Donor Rodman LucasRodman Lucas '46 called St. Albans School his home for twenty years, from 1929 until 1949. Now, the son of St. Albans' third headmaster has deeded his own home, in Essex, Conn., to St. Albans School. Through a "retained life estate," Lucas is free to reside there throughout his lifetime.

Rod Lucas was only one and a half when he moved into the Lane-Johnston Building with his father, the Rev. Albert Hawley Lucas; his mother, Frances Wharton Scott Lucas; his older brother, Albert II '43; and his sisters, June and Bess, who would attend NCS. Lucas attended Beauvoir and then St. Albans, where he played tennis, baseball, and basketball; served as a prefect and a senior warden of the Vestry; and, according to Lucas, became "the Headmaster's biggest headache for eight years."

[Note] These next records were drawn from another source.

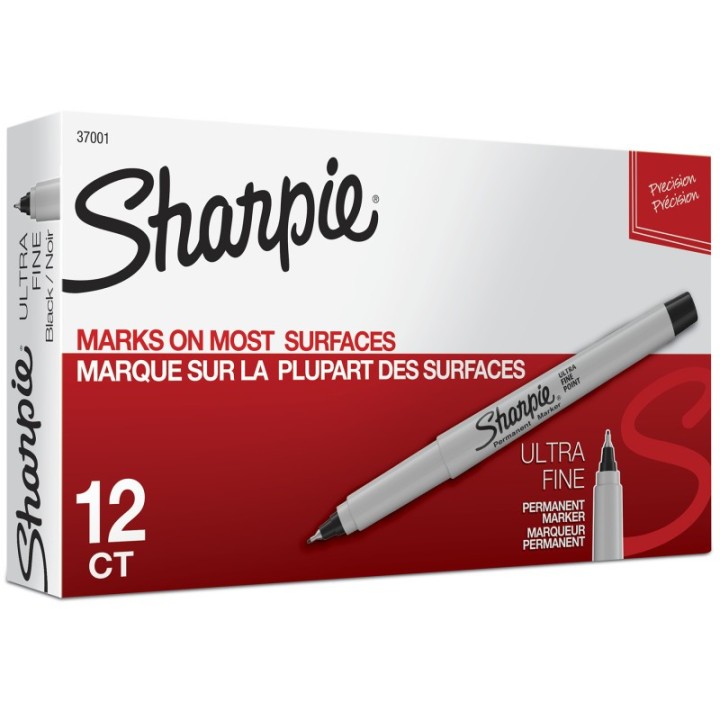 Sharpie® Ultra Fine Point Permanent Marker, Black, Box of 12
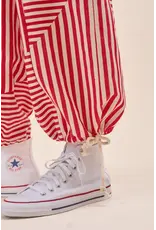 Berry Relaxed Stripe Harem Pants Red
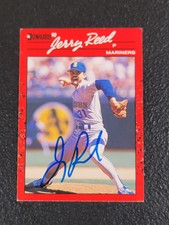 Jerry Reed Signed 1990 Donruss #614 Card Seattle Mariners Auto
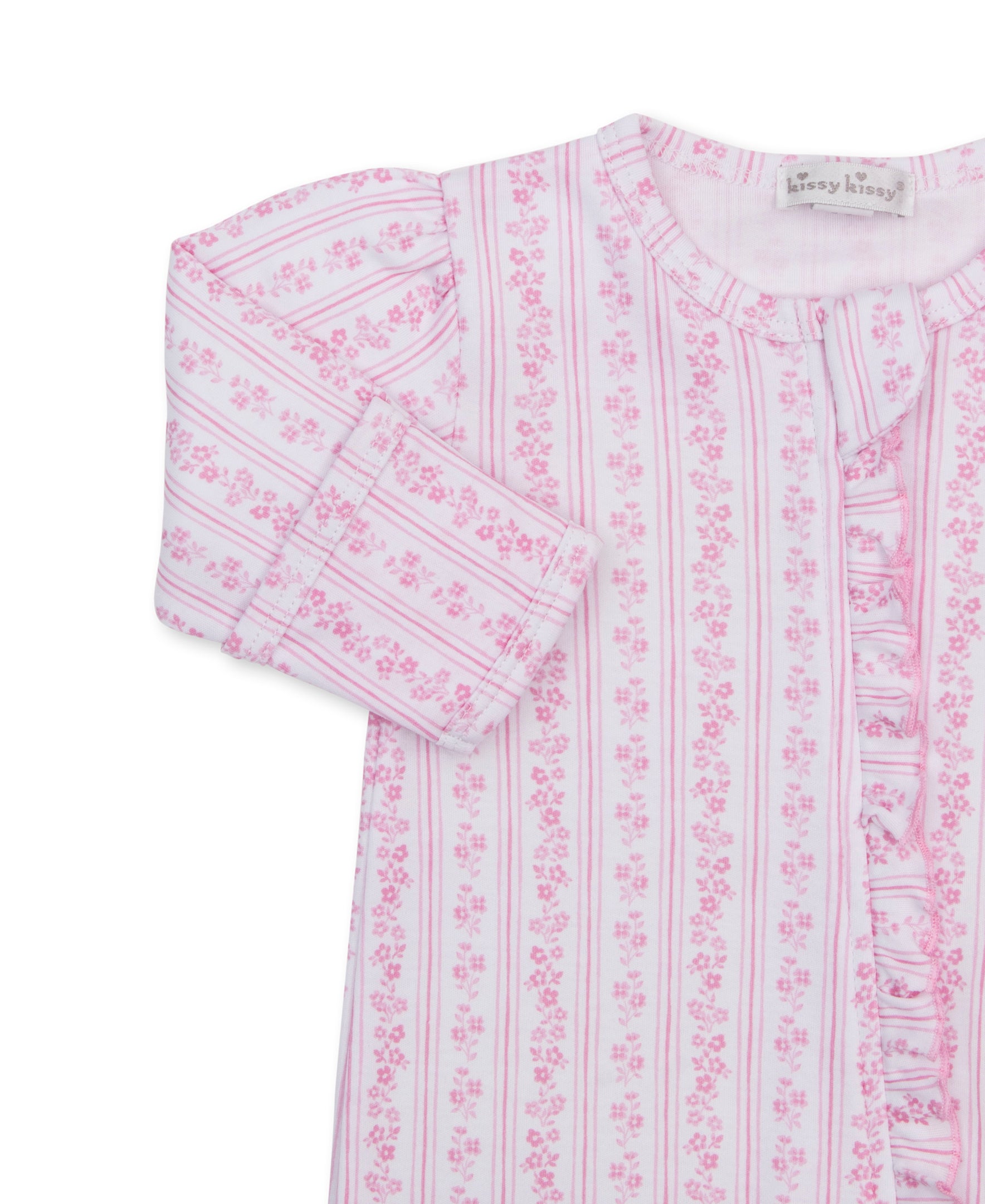 Watercolor Floral Stripes Pink Zip Footie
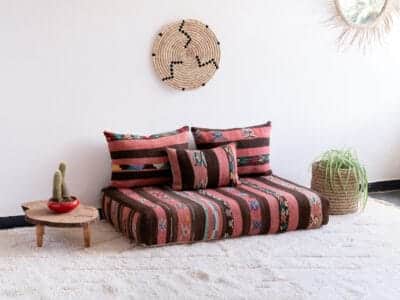 4 Ft Moroccan Handmade Striped floor Couch - Image 2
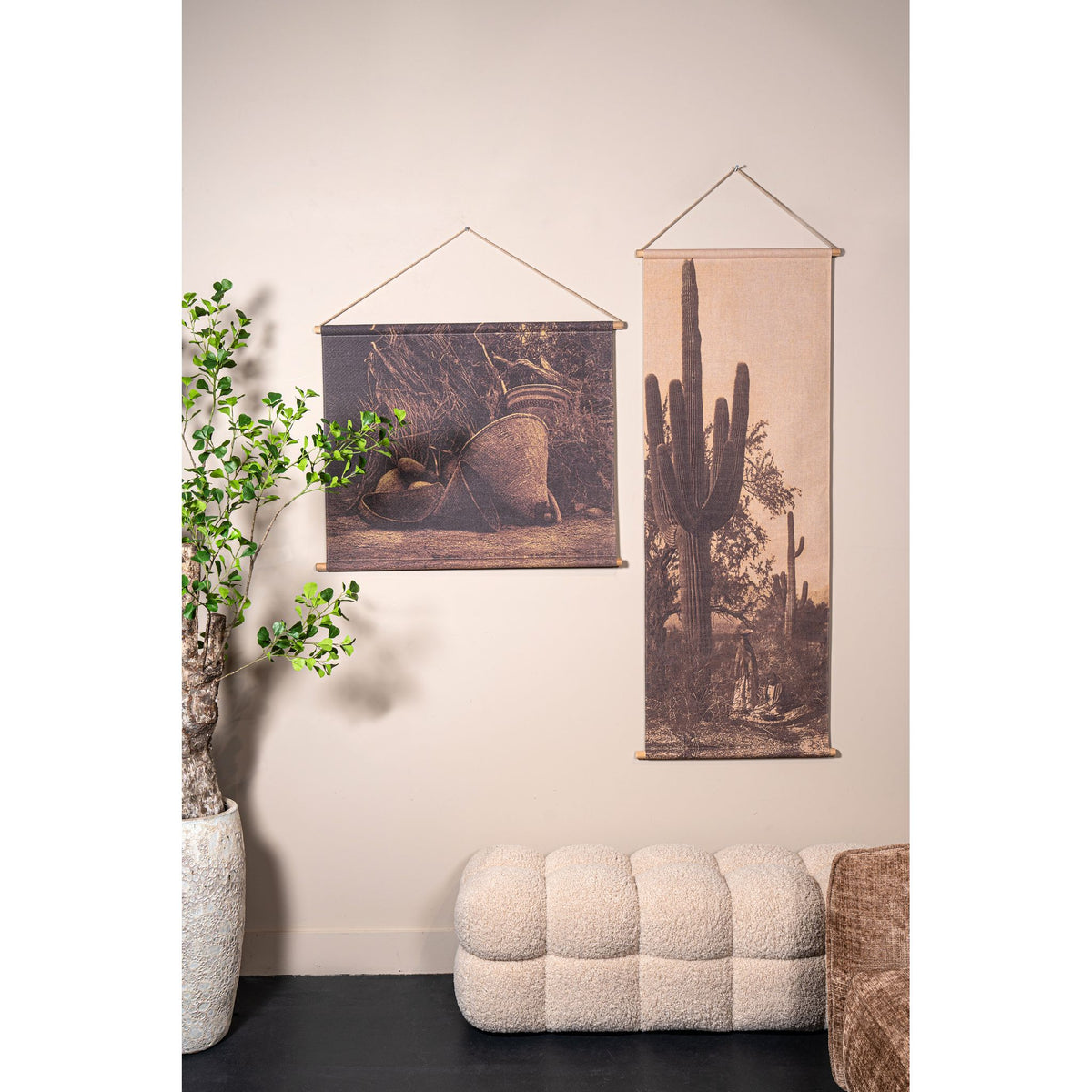 Wandbild – Kaktus Design, Rechteckige Form, Leinen Material, Hellbraun – Nimrod | PTMD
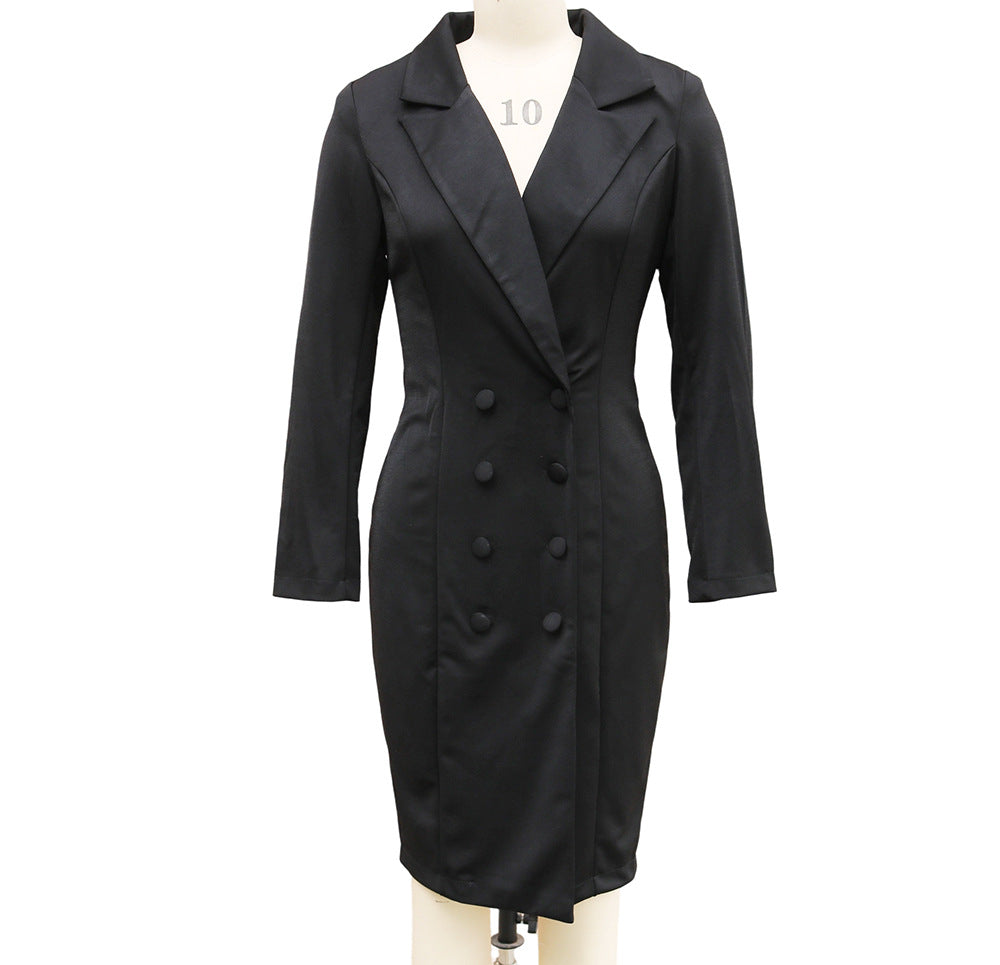 Robe blazer croisée tendance, coupe ajustée, hanches drapées, revers, manches longues, robes de bureau, navette, longue veste, vêtement d'extérieur pour femme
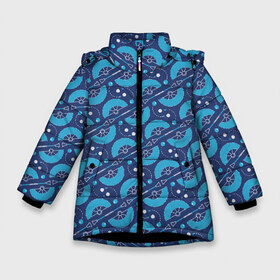 Зимняя куртка для девочек 3D с принтом Fire performer pattern blue в Кировске, ткань верха — 100% полиэстер; подклад — 100% полиэстер, утеплитель — 100% полиэстер. | длина ниже бедра, удлиненная спинка, воротник стойка и отстегивающийся капюшон. Есть боковые карманы с листочкой на кнопках, утяжки по низу изделия и внутренний карман на молнии. 

Предусмотрены светоотражающий принт на спинке, радужный светоотражающий элемент на пуллере молнии и на резинке для утяжки. | double staff | fan | fire fans | fire show | flow art | poi | spin | веера | дабл стафф | даблы | жонглер | пои | спиннер | фаер шоу | фаерщик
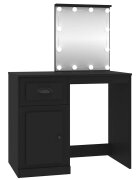 vidaXL fekete szerelt fa pipereasztal LED-del 90 x 50 x 1325 cm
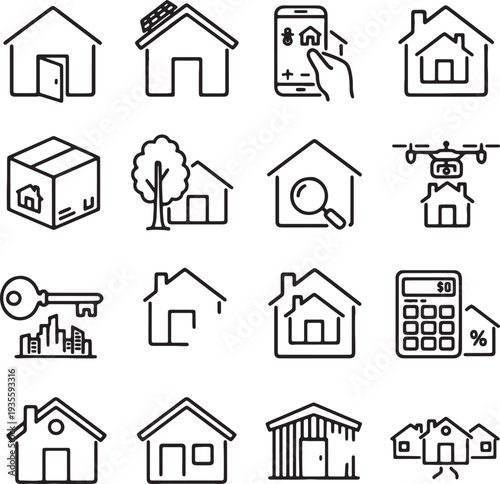 line style house icons with various objects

Recalls Lucas: "I acquired more demerits than any other student at St. Albans," partly because his father doubled any demerits he received. His punishment: raking leaves and shoveling snow on the Cathedral grounds. Today, Lucas denies any serious wrongdoing: "I was a pain in the neck growing up, but I just did the kind of things young people do!" Lucas's classmates, in the 1946 yearbook, seem to agree: "If ... limited to the selection of two qualities to fit Roddy, one would probably name honesty and playfulness. ... It is characteristic of Roddy that if an eraser has been thrown, he has been 'more or less nearby,' but it is equally typical that he is one of the first to admit that he had a part in it."

Lucas fondly recalls his school years at St. Albans. "I had a ball. I was very fortunate to be part of a class that was and is very close. I loved the School and the Cathedral, and was lucky to be able to see the Cathedral from a very early period of construction through its completion in 1990."

After St. Albans, Lucas attended the University of Pennsylvania and, like his father and brother, served in the Marines, with two years of active duty during the Korean War. Lucas then joined the Electric Boat Division of General Dynamics in New London, Conn., supporting the Navy as it turned to nuclear power. In 1951, he married Mary Gertrude Durant, with whom he would share 57 "unbelievably beautiful years," before she passed away in 2007. In 1953, they purchased a recently constructed cape, in Essex, Conn., where they would raise their two daughters, Mary Gertrude "Trudy" and the late Sharon Scott. Today, Lucas divides his time between Essex and Southwest Harbor, Maine.

Asked why he donated his home to the School he attended some sixty years ago, Lucas mentioned the free education that he and his siblings received on the Cathedral Close, and he recalled his father's words: "My father used to say to me, 'Roddy, if it's ever possible—if there's ever anything that you can do—to give back to the School in thanks for what the School did for you and your siblings, I hope you will."

St. Albans, which of course owes so much to the Lucas family, remains grateful to Canon Lucas for his years of leadership and to Rodman and his extended family for their continuing support.